My cutting board is exhausted. After decades of being the workhorse for family meals, celebrations, and holiday dinner preparations, it’s ready to retire. A few cracks are opening up in the rock maple seams. The edges are turning black from too much time drying on a damp drainboard. And the surface, with its thousand tiny cuts, is no longer smooth.
Purchased in Vermont decades ago, the simple 11 by 18 slab of glued-together inch-thick planks has given yeoman service. It was smooth on both sides until I tried to carve out a moat around the rim.
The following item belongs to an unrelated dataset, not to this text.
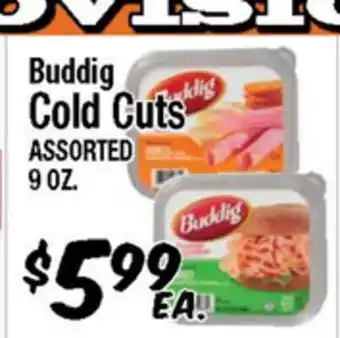 Western Beef Buddig Cold Cuts offer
That rock maple is pretty tough, but I did finally rout a groove that was, it turned out, too shallow to do any good.
Fortunately, there was a new board under the Christmas tree this year. More appropriately called a block than a board this chunky hunk of wood measured 2 ¼ inches thick and weighed in at 18 pounds. Made by the famous John Boos & Company, it’s a serious kitchen tool. Flat on one side, there’s a deep trench around the edge of the other to trap any carving juices. Finger slots cut into the edges make it easy to pick up.
There’s no need to worry that this weighty block will move, slip, or slide. No matter what the task, it’s more than able to support the work and give a solid feeling of professional poise.
Cutting boards are the unsung heroes of the kitchen, the foundation of any meal. Perhaps, like me, you have a favorite and others that are hardly used. A cook can’t function without a board.
In a commercial kitchen, when a cook comes to work, the first step in setting up is to grab a cutting board. They’re fundamental to the profession.
Cutting boards come in an unexpected range of shapes, sizes, and materials. Some have a special purpose like carving, cutting bar fruit, or presenting cheese, but most are general-purpose every-day tools of the trade.
Wood, of course, is the time-honored material. That’s why the’re called cutting boards. Not all are wood though. Various types of composite and plastic materials are used to make products that are more sanitary, easier to clean, and maybe a little more stylish.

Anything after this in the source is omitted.